Die Zustimmung der CDU
Günter Wagner, Fraktionsvorsitzender CDU, sieht Licht und Schatten im Haushalt – macht aber klar, dass seine Fraktion sowohl dem Haushalt als auch dem Stellenplan zustimmen werde. Wagner macht neben der schwierigen Wirtschaftslage und dem Krieg vor allem den Kreis Siegen-Wittgenstein für die Haushaltslage verantwortlich: „Ich mache mir außerordentlich große Sorgen, wenn ich die Kreisumlage betrachte. Seit Jahren steigt sie, was auch in den nächsten Jahren zu befürchten ist.“ Mit rund 13 Millionen Euro machte dieser Posten 32 Prozent der Ausgaben der Stadt aus. „Um es greifbarer zu machen, was der Kreis von uns fordert: die gesamte Grundsteuer, die gesamte Gewerbesteuer, die gesamte Hundesteuer/Vergnügungssteuer und noch Teile der Gemeindeanteile an anderen Steuern.“
Wagner lobt im Bad Laaspher Haushalt die unveränderten Steuersätze und die sechs Millionen Investitionen.
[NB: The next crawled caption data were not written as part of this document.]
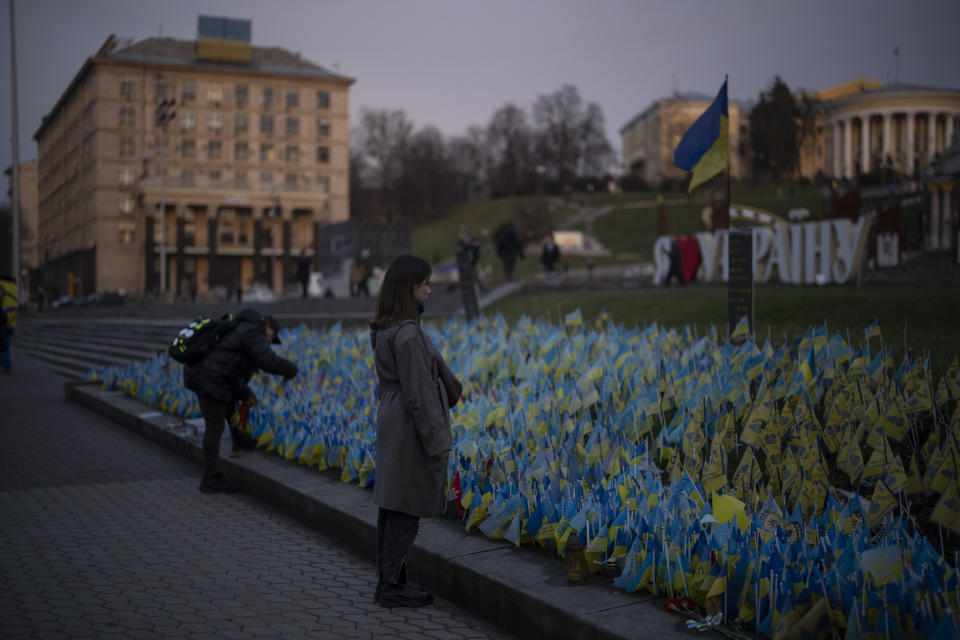 A woman stops to look at Ukrainian flags placed in memory of those killed during the war, near Maidan Square in central Kyiv, Ukraine, Friday, Jan. 20, 2023. (AP Photo/Daniel Cole)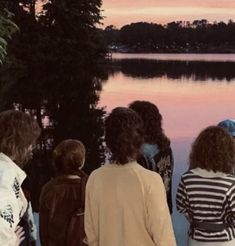 group of people standing near water watching the sunset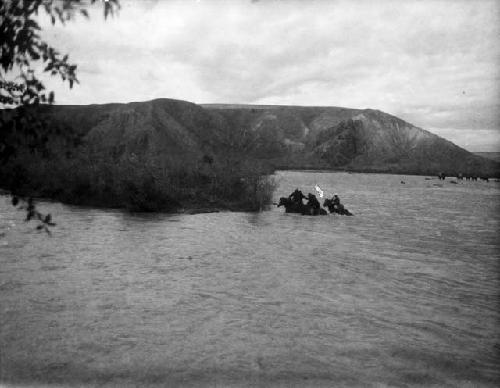 Horsemen fording river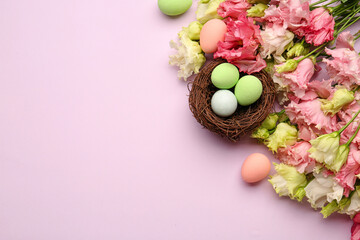 Composition with beautiful eustoma flowers and nest of Easter eggs on color background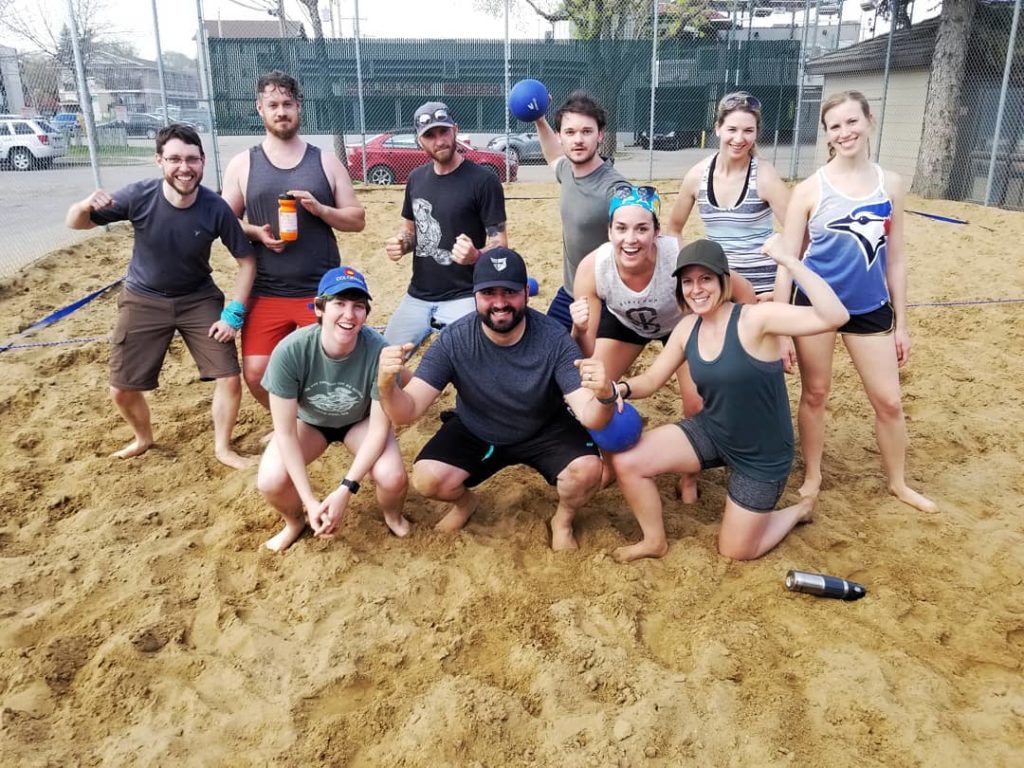 A team celebrating on a beach dodgeball court.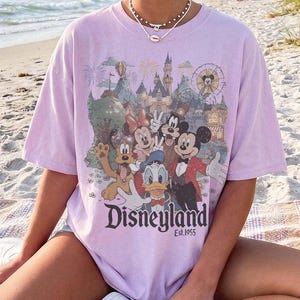 May include: A light purple short-sleeve t-shirt featuring a graphic print of Mickey Mouse, Minnie Mouse, Donald Duck, Goofy, and Pluto in front of a castle. The text Disneyland Est. 1955 is printed below the characters in a dark serif font.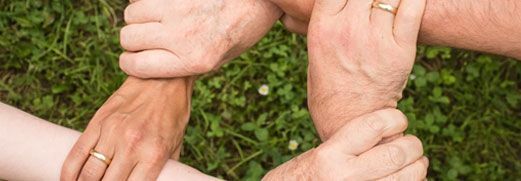 Linked hands forming a circle on green grass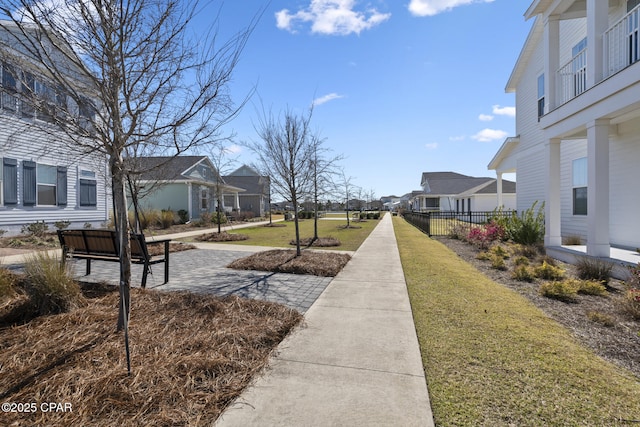 exterior space featuring a residential view and a lawn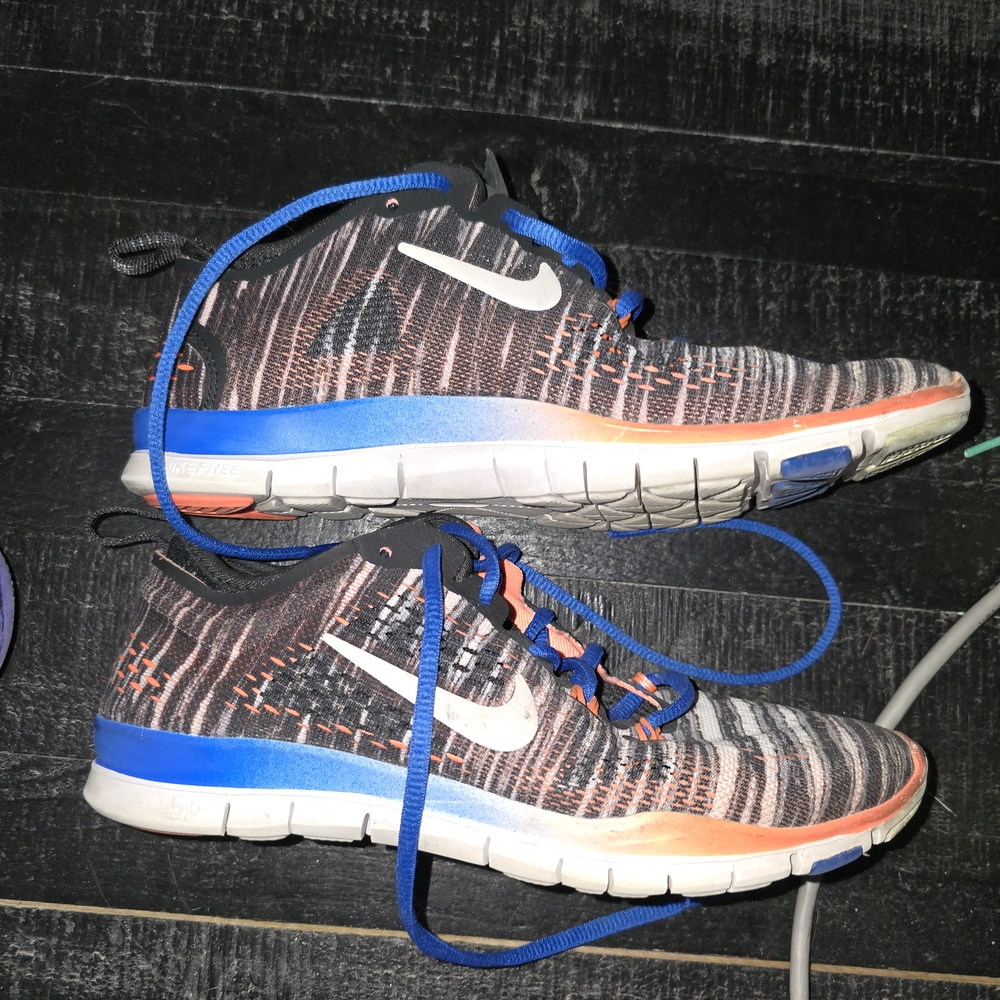 Nike Athletic Shoes with Blue and Orange Accents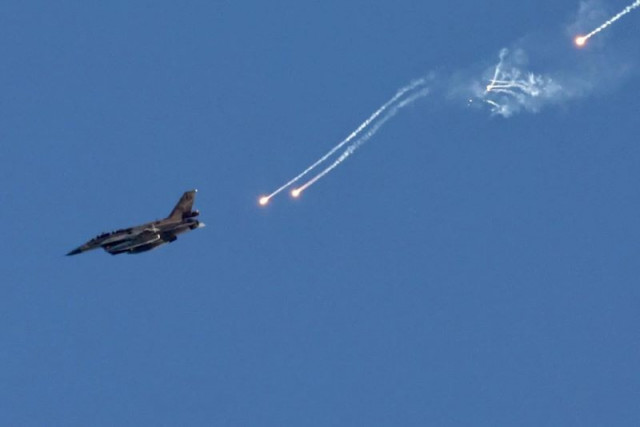 an israeli jet launching missiles photo reuters an israeli jet launching missiles photo reuters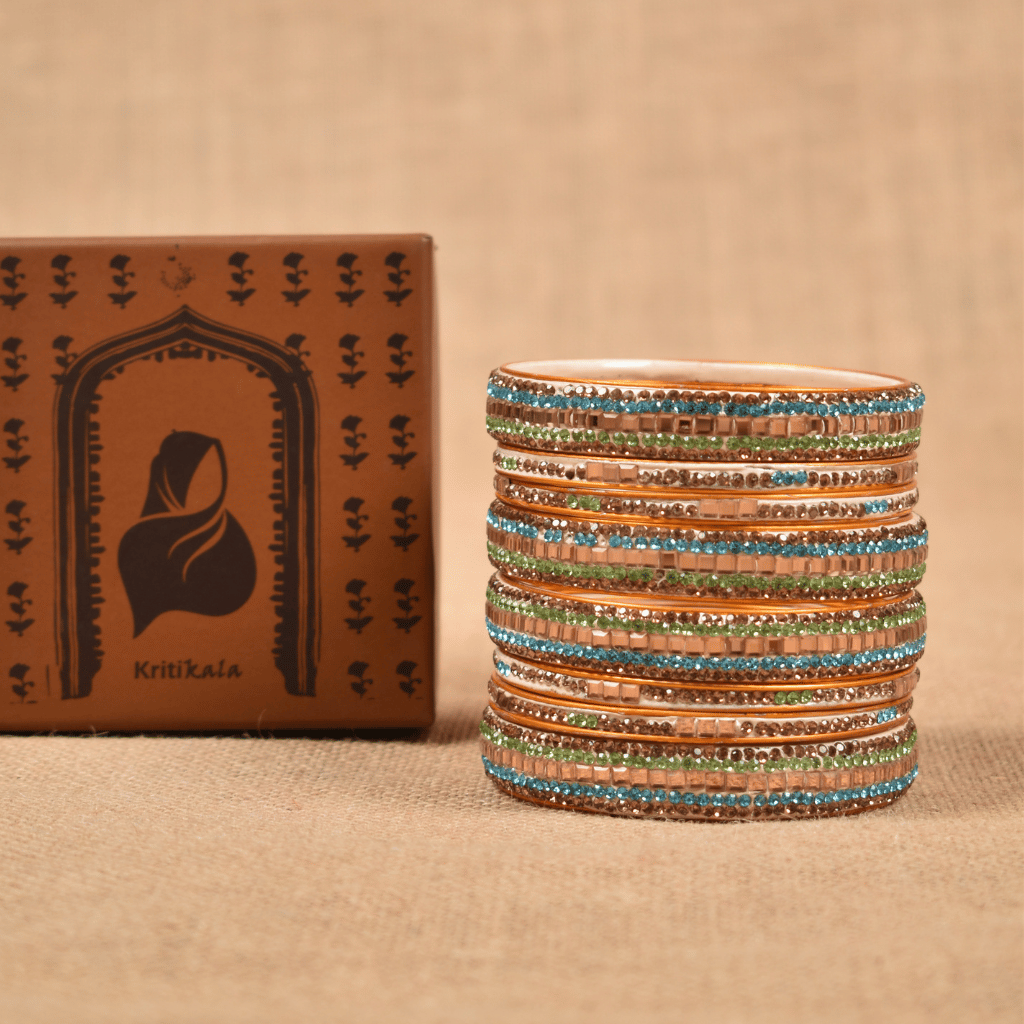 Set of  eight bangles in gold & blue tones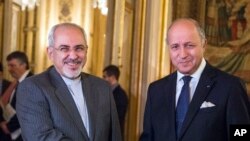 Ngoại trưởng Pháp Laurent Fabius (phải) và Ngoại trưởng Iran Jawad Zarif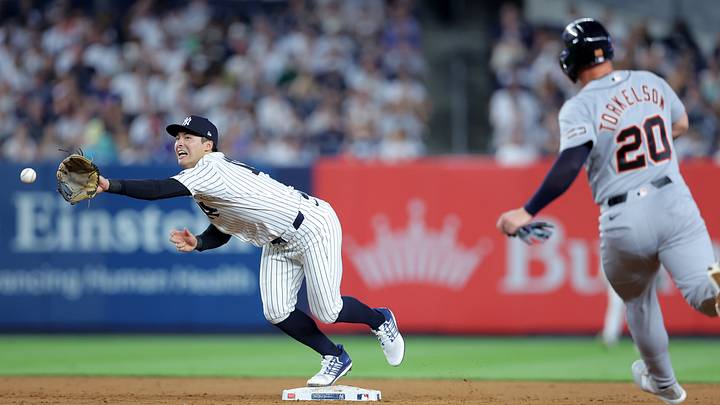 Jun 30, 2026; Bronx, New York, USA; New York Yankees shortstop Anthony Volpe (11) can't catch a throw from second baseman Jose Caballero (not pictured) on a ground ball by Detroit Tigers shortstop Zach McKinstry (not pictured) allowing Tigers first baseman Spencer Torkelson (20) to advance to third base during the sixth inning at Yankee Stadium. Mandatory Credit: Brad Penner-Imagn Images Jun 30, 2026; Bronx, New York, USA; New York Yankees shortstop Anthony Volpe (11) can't catch a throw from second baseman Jose Caballero (not pictured) on a ground ball by Detroit Tigers shortstop Zach McKinstry (not pictured) allowing Tigers first baseman Spencer Torkelson (20) to advance to third base during the sixth inning at Yankee Stadium. Mandatory Credit: Brad Penner-Imagn Images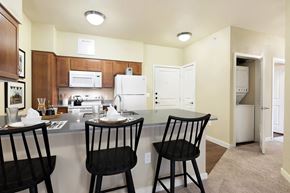Austin apartment for rent - A kitchen with a white refrigerator, brown cabinets, and a table with three chairs.
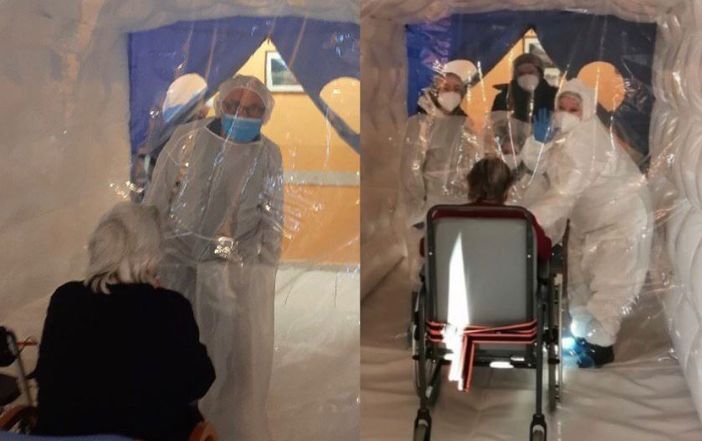 Il sindaco Roattino e la famiglia della signora Patrizia dentro la stanza degli abbracci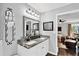 Elegant double vanity bathroom with granite countertops and decor, leading into the main bedroom at 2806 Peachtree Walk, Duluth, GA 30096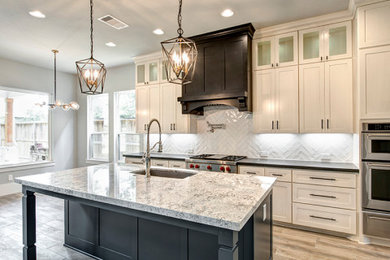 Example of a large kitchen design in Houston with shaker cabinets, white cabinets, stainless steel appliances and an island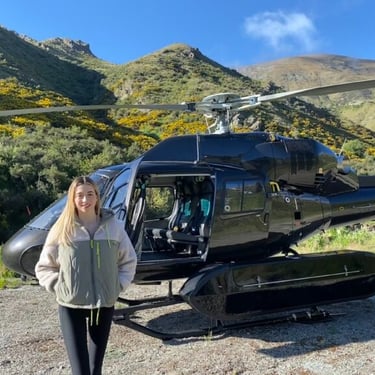 A photograph of a young woman, standing in front of a helicopter in Central Otago, New Zealand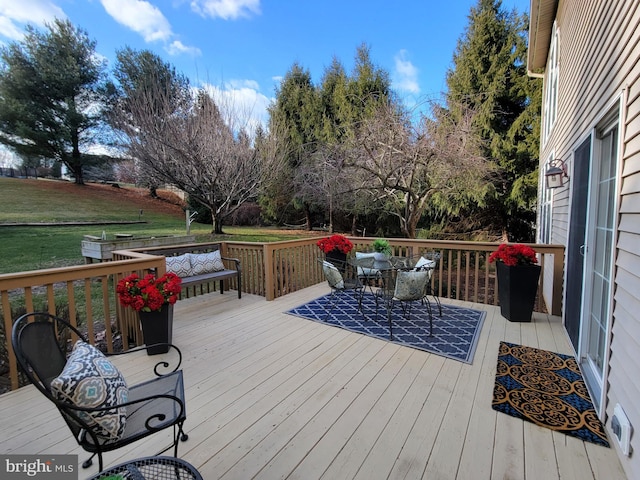 wooden deck featuring a lawn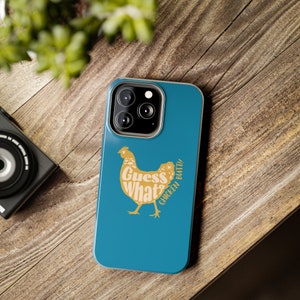 May include: A teal blue phone case with a gold chicken silhouette. The chicken is made up of the words "Guess What?" and "Chicken Bati!"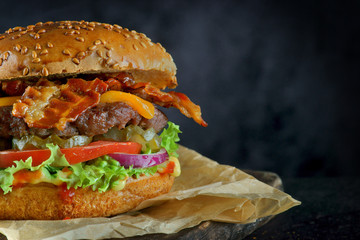 Burger with beef Patty, cheese and bacon on a dark background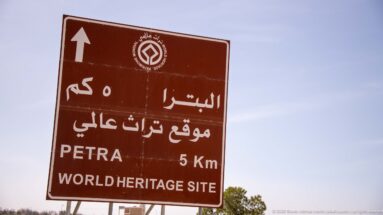 Brown bilingual road sign reading PETRA 5 Km and WORLD HERITAGE SITE beneath a heritage emblem.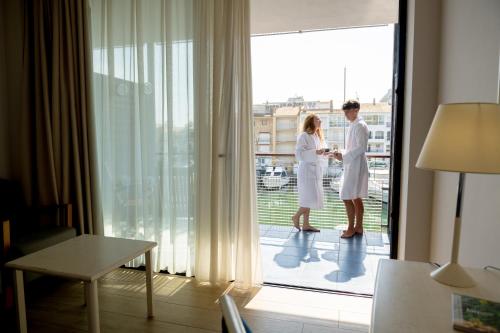 two women standing on the balcony of a hotel room at Hotel Port Salins by Pierre & Vacances in Empuriabrava
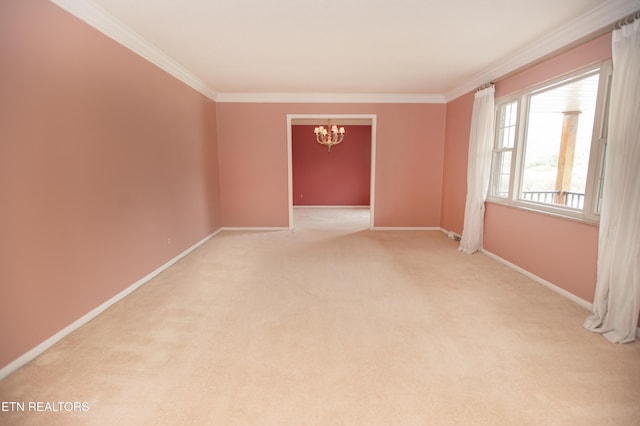 unfurnished room featuring a notable chandelier, light colored carpet, baseboards, and ornamental molding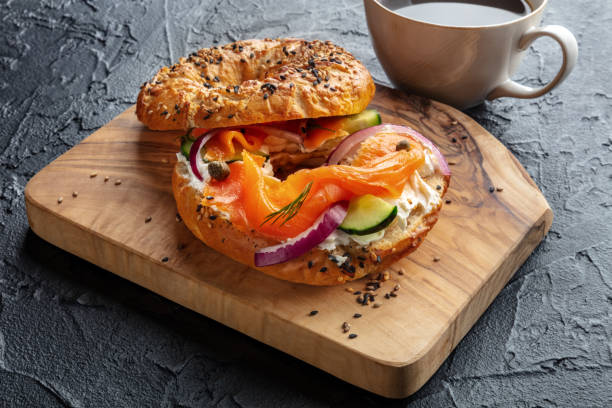 istock Lox bagel. A sandwich with smoked salmon and fresh vegetables 2203217006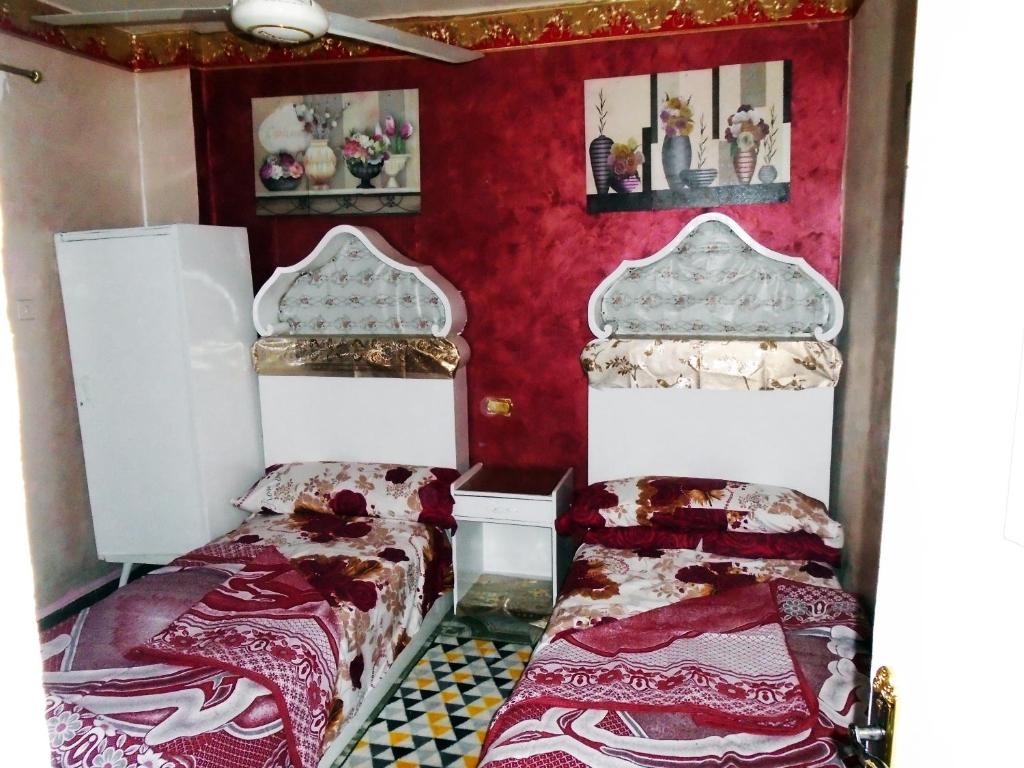 Postel nebo postele na pokoji v ubytování City Hostel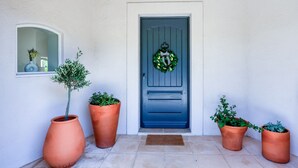 A front door with a blue door and a wreath, flanked by terracotta planters with green plants.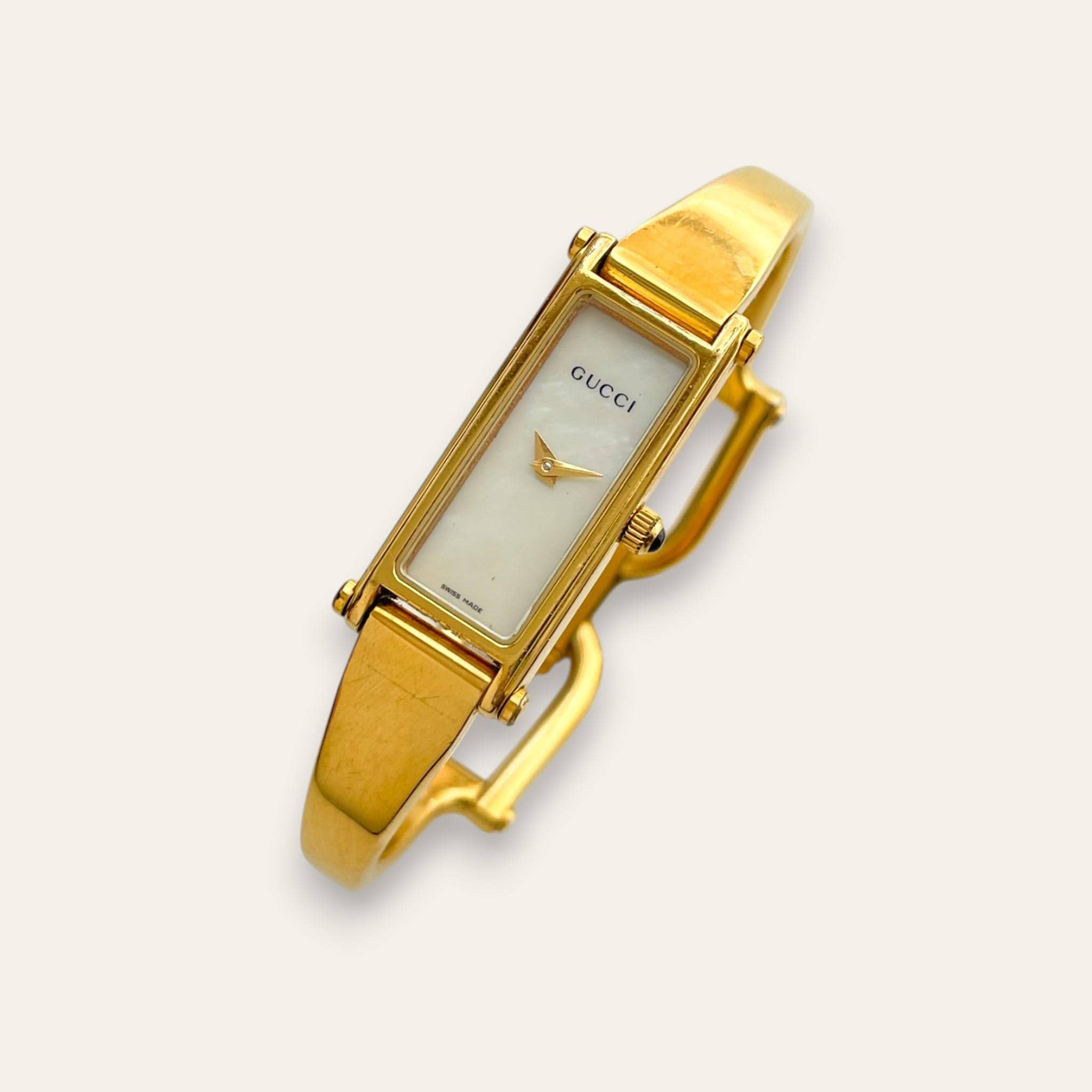 Vintage Gucci 1500L Gold Bangle Watch with Mother of Pearl Dial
Und auch dem Stellenplan stimme man zu: „Neue Aufgaben erfordern mehr Personal. Diese Stellen tragen wir mit zum Beispiel aufgrund der Wohngeld-Reform mit einer viel höheren Zahl von Anträgen, für die Betreuung der Flüchtlinge, für Arbeiten bei Spielplätzen, für Feuerwehr, für Bauen und Planen bei Brücken, Straßen und mehr und neue Ausbildungsstellen.“
Argumente der FDP von Klaus Preis
Für die FDP macht Klaus Preis deutlich, dass es überflüssig sei, über die Kreisumlage zu jammern. Der Liberale will, das Bad Laasphe selbst Ausgaben senkt: „Ein erster Beitrag und ein Zeichen der Politik ist der CDU-Antrag zur Verkleinerung des Rates mit einer jährlichen Einsparung von zirka 30.000 Euro. Alle geplanten Ausgaben gehören auf den Prüfstand und wir müssen angesichts der vom Kämmerer vorgetragenen Zahlen jede Ausgabe auf Erfordernis und Dringlichkeit prüfen. Ich bin sicher, dass wir mit allen im Rat vertretenen Parteien bei den anstehenden Entscheidungen uns Kompromissbereit zeigen und immer eine optimale Lösung anstreben.“
Massive Kritik von Werner Oder
FDP-Ratsmitglied Werner Oder hielt seine eigene Haushaltsrede und betonte, dass er dem Entwurf nicht zustimmen könne: „Je nach Inanspruchnahme der Liquiditätsgrenze kann die Verschuldung die 50-Millionen-Grenze sprengen“, warnt Oder. Der Haushalt sei nur durch eine Trick ausgeglichen, moniert er: „Nicht alles, was gesetzlich erlaubt ist, ist moralisch zu verantworten“, kritisiert Oder.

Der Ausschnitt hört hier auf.